Sembali - Revani Cake


ingredients: sugar, milk, semolina flour, baking soda, (nuts-almonds/peanuts).  simple syrup (to drizzle)-sugar/water


lessons learned: 1. i had fine semolina flour and still feels like cornmeal to me more than regular flour.  mixes more like cornmeal too imo.


results/taste: deep caramel type of taste with sugar drizzle.  great with coffee imo.


----------



## GimmeAnother1 (Mar 9, 2020)

*Mozzarella From Scratch*

Mozzarella From Scratch


ingredients: whole milk (pasteurized all i could get), citric acid, rennet, water, kosher salt


lessons learned: 1. mix the citric acid and rennet first and have them ready for when they go into the process.  2. need a thermometer on this one for temp throughout.  3. see below question/note in results/taste.


results/taste:  when i watched the video i used, by the time i am straining the curd in the video it was stretchy.  mine was still cottage cheese consistency.  mine didn't really come together until the last stretching when you soak it in salted whey at certain temp.  after that it pulled together and became stretchy and sleek.  that being said my results/taste to me was bland and plasticy.  i have the base down.  it did work for me and i got a mozz as result but maybe i need to let it soak more in the salted whey to get some flavor.  it was pretty flavorless compared to what i am used to.  it is like the major store bought pre packaged stuff or the shredded cheese in flavor.  now that i have the base down though i can read up online and experiment until i get the flavor i want.  maybe at some point also i will put in a hint of something in the mix like coconut or something.  we'll see.  joy is in the journey right!


----------



## GimmeAnother1 (Mar 10, 2020)

*Strawberry Banana Muffins*

Strawberry Banana Muffins


ingredients: unsalted butter, eggs, vanilla extract, ripe bananas, strawberry jam, ap flour, lb sugar, baking powder, baking soda, cinnamon, salt


lessons learned: 1. i did not have strawberries so tried microwaving S jam and stirring it in.  it probably would have worked however i don't think i put enough in so it was more like banana muffin in taste (actually like brown sugar/cinnamon/banana muffin).  next time use strawberries or more jam.  2. batter is thick.  i used an ice cream scooper to measure out and fill the batter in the tins.

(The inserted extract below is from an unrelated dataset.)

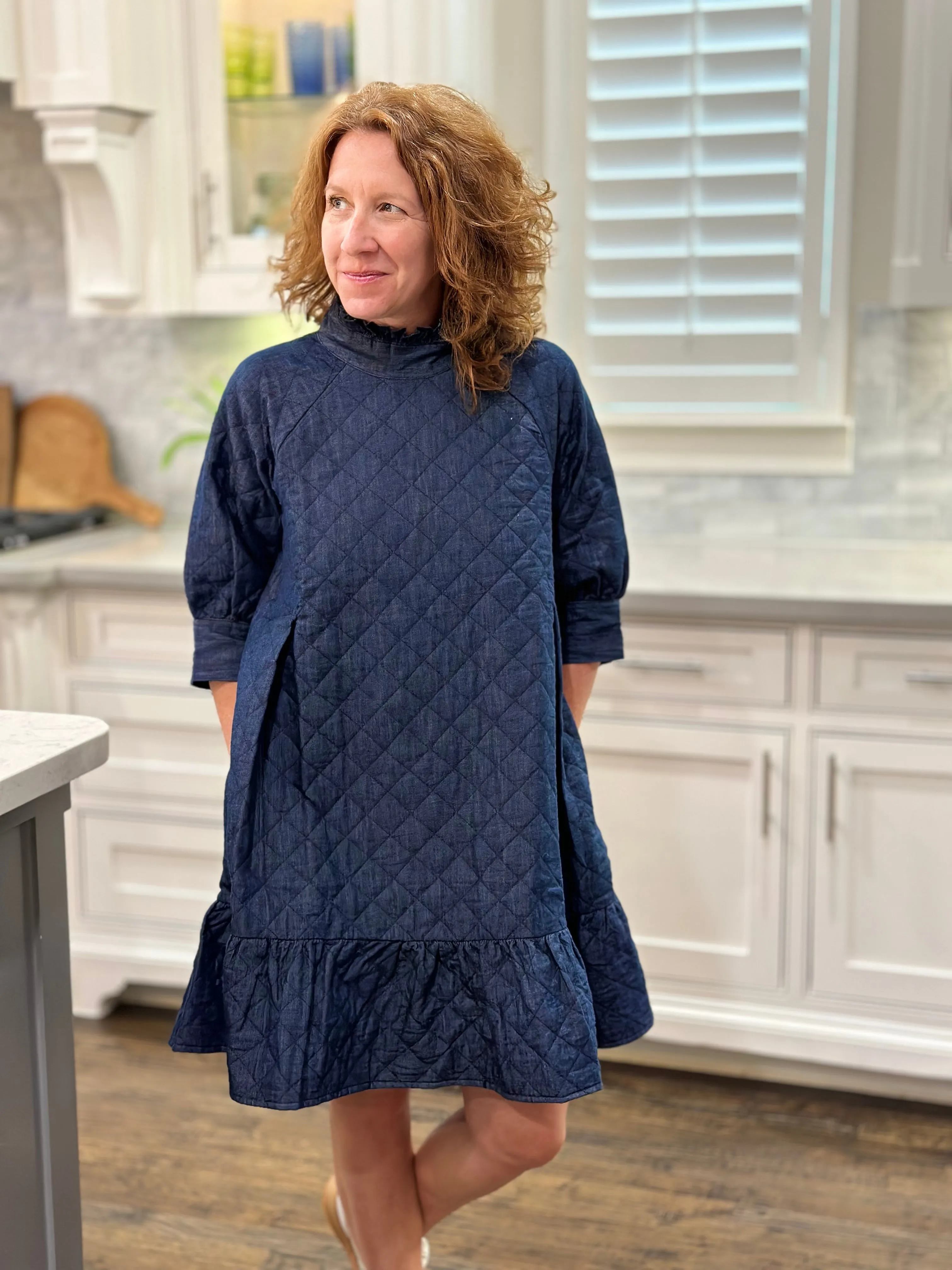 Dizzy Lizzie Denim Quilted Dress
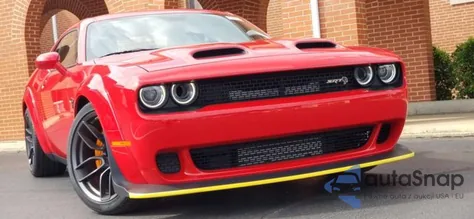 2019 Dodge Challenger Srt Hellcat Redeye z USA, uszkodzony, nr VIN 2C3CDZL91KH615885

results/taste:  overall they came out great for banana muffins.  for strawberry banana i need to get more strawberry in next time.  i also made cupcake size and mini cupcake size.  i prefer the cupcake size.  mini didn't have enough breading for my taste to really enjoy it.  bite sized not recommended for me.


----------



## GimmeAnother1 (Mar 12, 2020)

*Berry (Blueberry, Blackberry, Raspberry) Crumb Cake*

Berry (Blueberry, Blackberry, Raspberry) Crumb Cake


ingredients: butter, sugar, eggs, vanillla, ap flour, baking powder, salt, milk, berries.  topping - sugar, ap flour, cinnamon, butter.


lessons learned: 1. i used mix of frozen and unfrozen berries.  the frozen i defrosted in microwave which gave a lot of juice.  i added the juice in. you can see it in the dough of 1st pic as it is almost purple in color. not sure the affect but i have an issue i will show below.  not sure if contributed.  2. my batter was still very wet after 45 @ 350degrees.  not sure if the crumb on top was preventing the cooking or the juice from berries kept it too liquidy or what.  i wound up cooking it about 1:15 at 350 and even then i would poke through the top and pull out mush.  it dried up fine.  very light and fluffy.  not a lesson learned here but curious if it's supposed to be like this for a crumb cake.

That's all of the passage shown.